The judge just loved him and couldn't stop complementing him. He said I had a very special little guy. I was soooo proud! Here is a pic in the last line up. We are in the middle. The goat in the front got Grand Champ and the goat in the back got reserve. They were senior bucks and the goat in front is really nice! The judge told everyone to take a good look at Bambi and said he wouldn't hesitate to use him right now. :shocked: I've never had the judge complement my goat in front of everyone like that! He said he was very level along the topline on the move. Overall good appearance. And some other things but I don't remember them now. lol I was THRILLED! :wahoo:

So now Bambi has been to three shows and been first in his class every time!

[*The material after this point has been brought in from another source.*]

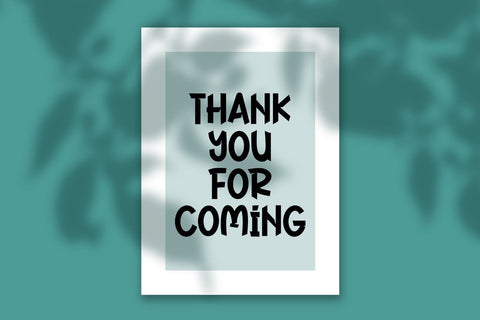 Summer Ladies Font Afandi Studio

He also got junior reserve champ his first show and now Junior Grand Champ his third show! :leap:

I think I set his feet a little too far forward in the pics.. but these were the only pics my mom got. She was too busy watching!


----------



## Muddy Creek Farm (Oct 5, 2007)

Thats great! Congrats! I recognize that first buck. He is a Kingwood son I believe, so some of the same lines as your little guy.


----------



## RunAround (Feb 17, 2008)

Yep Kingwood son. That goat had me drooling! Very very uphill, but the pics don't show it. Judge loved him to! He asked if they were related. I was like yep! lol Bambi's granddad is Kingwood. 

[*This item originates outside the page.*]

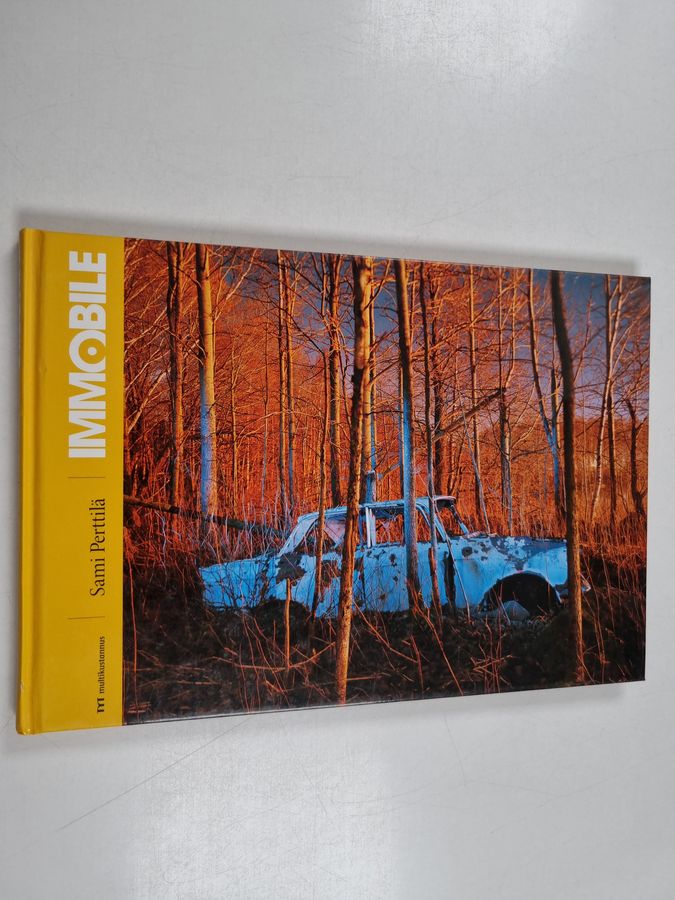 Immobile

How do you know all these goats? It seems like I will never know them all. lol


----------



## Muddy Creek Farm (Oct 5, 2007)

I will never reveal my secrets :shades: LOL.

Congrats again!


----------



## KW Farms (Jun 21, 2008)

Oh how exciting! Congrats!!!


----------



## StaceyRosado (Oct 5, 2007)

wahooo!! and I have his full sister.  

How are his legs? angies toe out a bit and she walks with her hocks a little to close (or that is what I was told)


----------



## RunAround (Feb 17, 2008)

They toe out a little, but not bad at all. His back legs are very straight. Angie may be a bit like her mom she tends to have her hocks turned in when you look at her and when you look away she goes straight! grrr. With an udder on there it will make it harder for her to cow hock. :wink: I really can't wait to see her udder. :thumbup:


----------



## StaceyRosado (Oct 5, 2007)

I will see if I can get a video of her on the move and then you can let me know how simular she is to her brother.


----------



## fritzie (Oct 6, 2007)

:stars: congrats that is a great win. he sure is a handsome little guy. i can see why the judge loved him


----------



## liz (Oct 5, 2007)

Congratulations!! Yep...he sure does look great and to have a relative being shown at the same time is a good thing to see also...Bambi is gonna grow to be a handsome stud :greengrin:


----------



## Epona142 (May 26, 2008)

What a handsome little fellow!! Congratulations!

:stars: 

On a side note...I LOVE those beards! I can't wait till I have a buck and he gets a big handsome beard! :greengrin:


----------